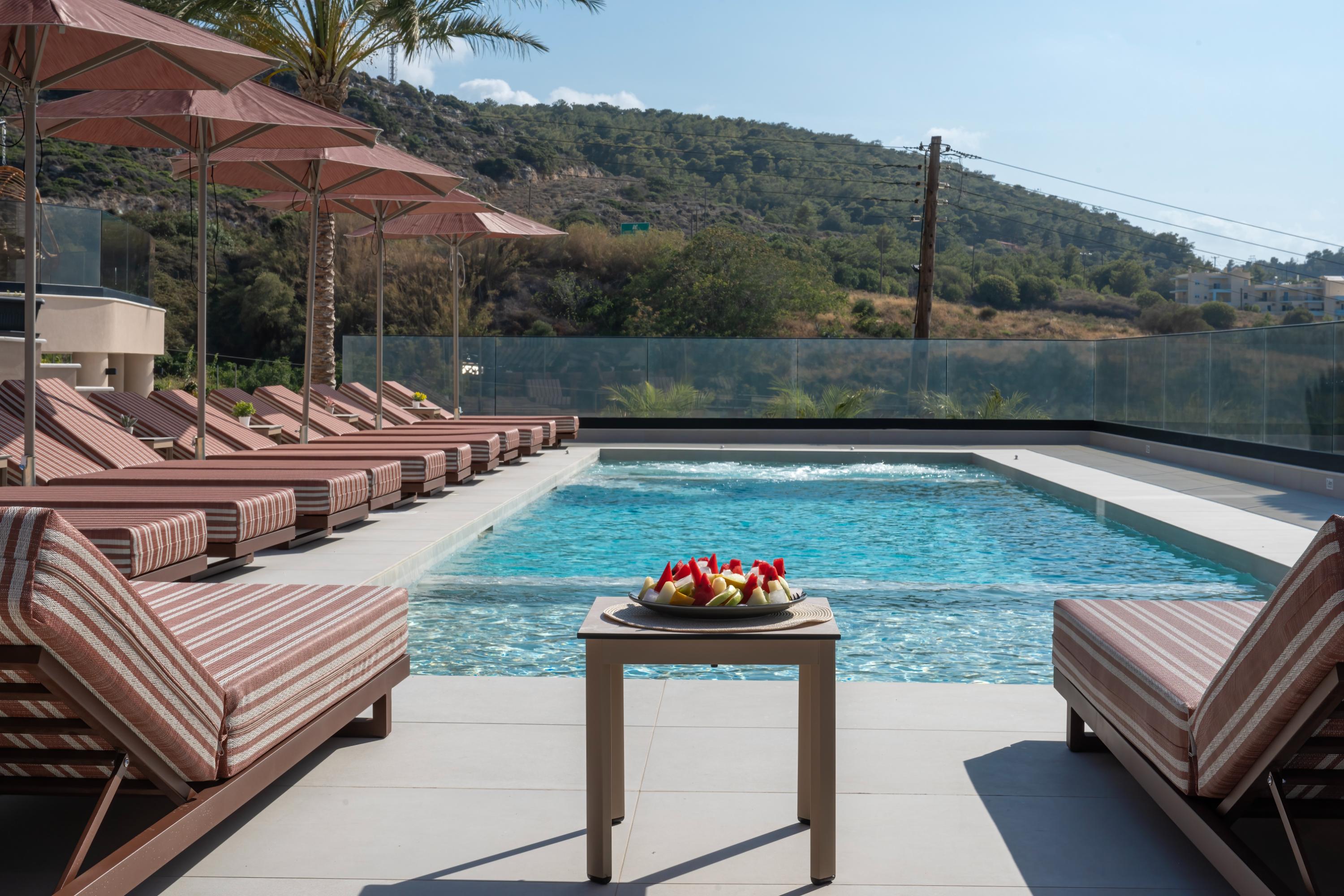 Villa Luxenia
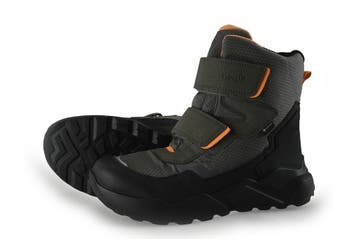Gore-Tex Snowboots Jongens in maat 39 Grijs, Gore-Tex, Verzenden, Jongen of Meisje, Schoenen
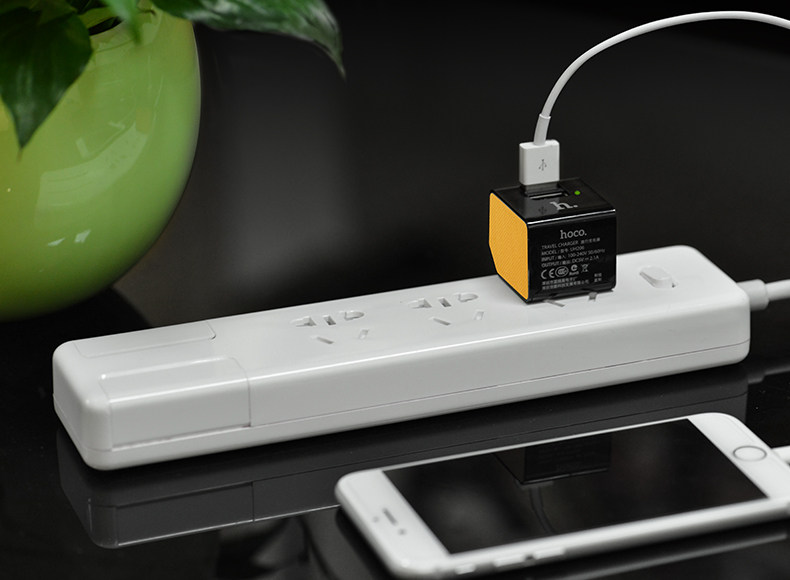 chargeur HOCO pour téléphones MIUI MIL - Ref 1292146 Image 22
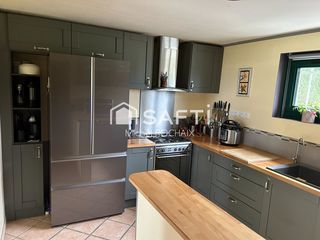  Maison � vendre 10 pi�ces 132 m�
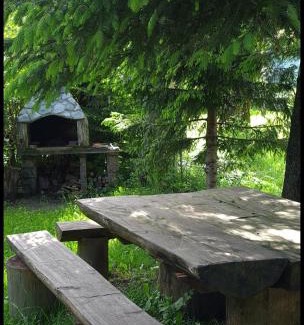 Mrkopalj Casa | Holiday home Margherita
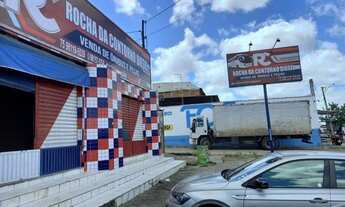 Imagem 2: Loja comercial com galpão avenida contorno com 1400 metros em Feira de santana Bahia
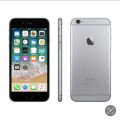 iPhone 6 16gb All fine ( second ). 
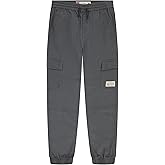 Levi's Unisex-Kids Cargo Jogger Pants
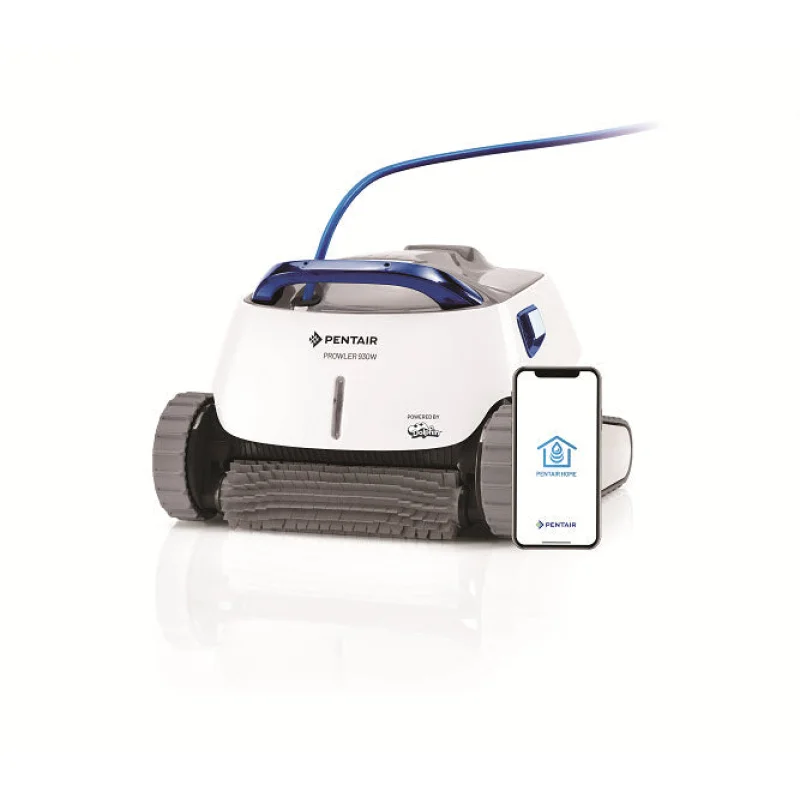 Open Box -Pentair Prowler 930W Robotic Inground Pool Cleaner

...

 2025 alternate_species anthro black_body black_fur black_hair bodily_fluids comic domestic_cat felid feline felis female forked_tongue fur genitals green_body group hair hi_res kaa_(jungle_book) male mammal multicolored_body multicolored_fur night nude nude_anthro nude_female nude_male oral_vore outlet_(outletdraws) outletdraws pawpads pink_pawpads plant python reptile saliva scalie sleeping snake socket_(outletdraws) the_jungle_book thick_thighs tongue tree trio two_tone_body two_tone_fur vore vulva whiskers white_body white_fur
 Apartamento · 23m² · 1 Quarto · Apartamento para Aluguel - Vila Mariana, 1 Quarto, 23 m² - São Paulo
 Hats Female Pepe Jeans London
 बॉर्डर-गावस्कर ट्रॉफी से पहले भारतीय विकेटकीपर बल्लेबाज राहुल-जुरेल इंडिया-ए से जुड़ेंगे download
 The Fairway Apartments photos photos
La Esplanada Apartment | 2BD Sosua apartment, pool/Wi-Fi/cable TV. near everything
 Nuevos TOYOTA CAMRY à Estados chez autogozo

» Task goal
Write out word for word the lines above that run from the one with "Villa Luxenia" to the one with "iPhone 6 16gb All fine ( second ).". Include both end lines; exclude the images.

» Task response
 Villa Luxenia
Gore-Tex Snowboots Jongens in maat 39 Grijs, Gore-Tex, Verzenden, Jongen of Meisje, Schoenen
 chargeur HOCO pour téléphones MIUI MIL - Ref 1292146 Image 22
  Maison � vendre 10 pi�ces 132 m�
 Mrkopalj Casa | Holiday home Margherita
 Imagem 2: Loja comercial com galpão avenida contorno com 1400 metros em Feira de santana Bahia
 iPhone 6 16gb All fine ( second ). 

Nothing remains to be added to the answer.